On Qandil, the PKK's Iraqi Kurdish mountain base since the early 1990s, wearying rhetoric only deepens the mystery.

"We want peace; Turkey wants war," says Haydar Ali, a member of the party politburo. He admits the bulk of PKK fighters are now moving into Turkey from positions just south of the border, and warns of attacks against tourist targets in western Turkey.

Though oblique, another official, Esat Farashin, offers a more convincing explanation. "Turkey," he says, "seems to think it can destroy the Kurdish struggle simply by ignoring us." A visit to Seyyed Sadiq, 150 miles to the south, suggests the party is destroying itself.

In the past year, a senior Iraqi Kurdish intelligence source says, "many, though perhaps not most" PKK fighters have left the organisation. Around 200 of them now live in this conservative town near the Iranian border. Their stories are revealing of the real state of affairs in the mountains.

For former guerrilla commander Hayri Dersim (29) the turning point was the capture and trial of PKK chief Abdullah Ocalan in 1999.

"When I saw [ Ocalan] vow loyalty to the Turkish state, I felt betrayed," he says. He'd fought for seven years by then, and was wounded several times.

But disillusionment was not limited to the leader.

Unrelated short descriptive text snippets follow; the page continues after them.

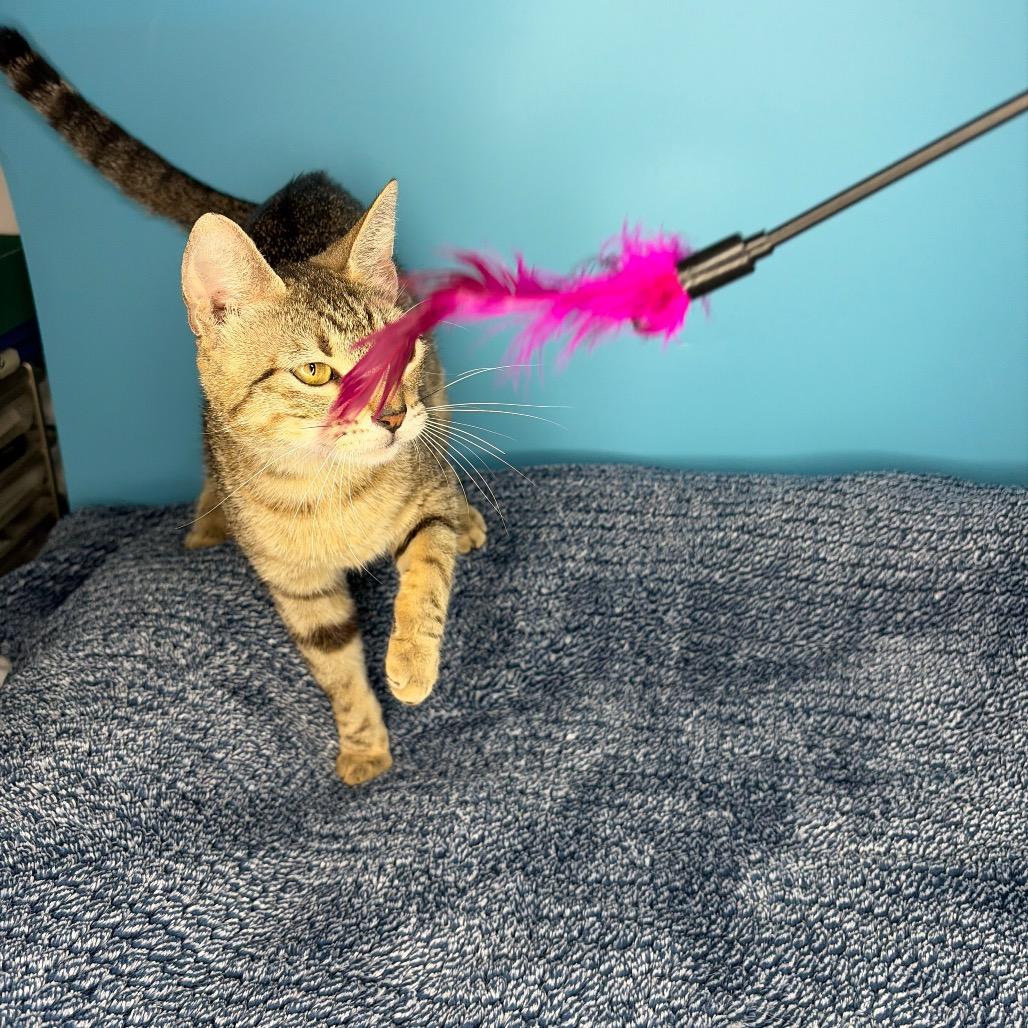 Dolly, a Adoptable Domestic Short Hair in San Antonio, TX image 5/6
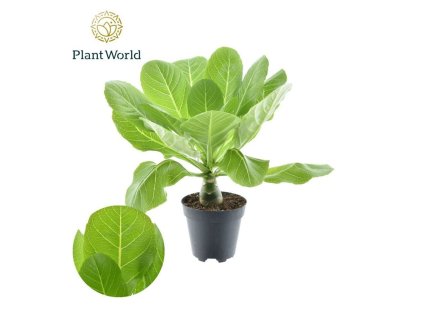 Brighamia insignis 'Hawaii Palm'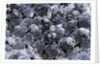 Dactylopius coccus (opuntia cochineal scale) by Anonymous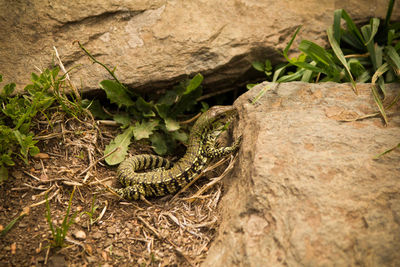 High angle view of lizard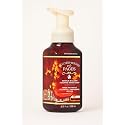 Bath and Body Works Leather-Bound Pages Gentle & Clean Foaming Hand Soap, 8.75 fl oz / 259 mL - Shea Extract, Aloe, Essential Oils Beauty & Personal Care Bath & Body Works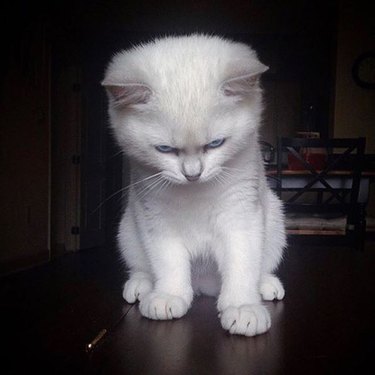 angry white cat.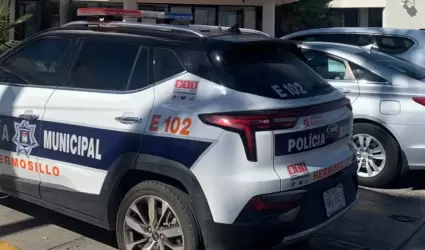 Persiguen y capturan a ladrones de autopartes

"When you're fighting, tight discipline is vital," explains Zuhal Serhat (25). "After the ceasefire, the orders began to seem mere authoritarianism. We demanded change. None came." Gabar Botan (30) is also sharply critical of the former Marxist-Leninist PKK's claims to have democratised itself since 1999.

He describes watching PKK leaders on TV referring to the party as the most democratic organisation in the Middle East. "We looked around us: free speech a sham, leaders who hadn't changed in 20 years." Like most of the ex-fighters in Seyyed Sadiq, Botan and Dersim quit last autumn, when the party briefly made resignations possible. Serhat fled late last April, walking all night through Saddam-era minefields to escape her pursuers.

"The open-door policy only lasted about six weeks," she says. "So many left the leaders decided not to allow anybody else out."

With Iraqi intelligence sources talking of a continuing trickle of PKK defections, she and her colleagues believe that almost all the fighters remaining in the mountains would leave if they had a second chance.

"Back when we joined, war was the only alternative," explains Gabar Botan. "That's no longer true."

An Iraqi Kurdish journalist who follows the PKK closely, Shwan Mohamed believes the main thing preventing the disillusioned party from dissolving now is its leaders.

"Their only concern is for their own survival," he says, "and they know the only way to achieve that is a new war."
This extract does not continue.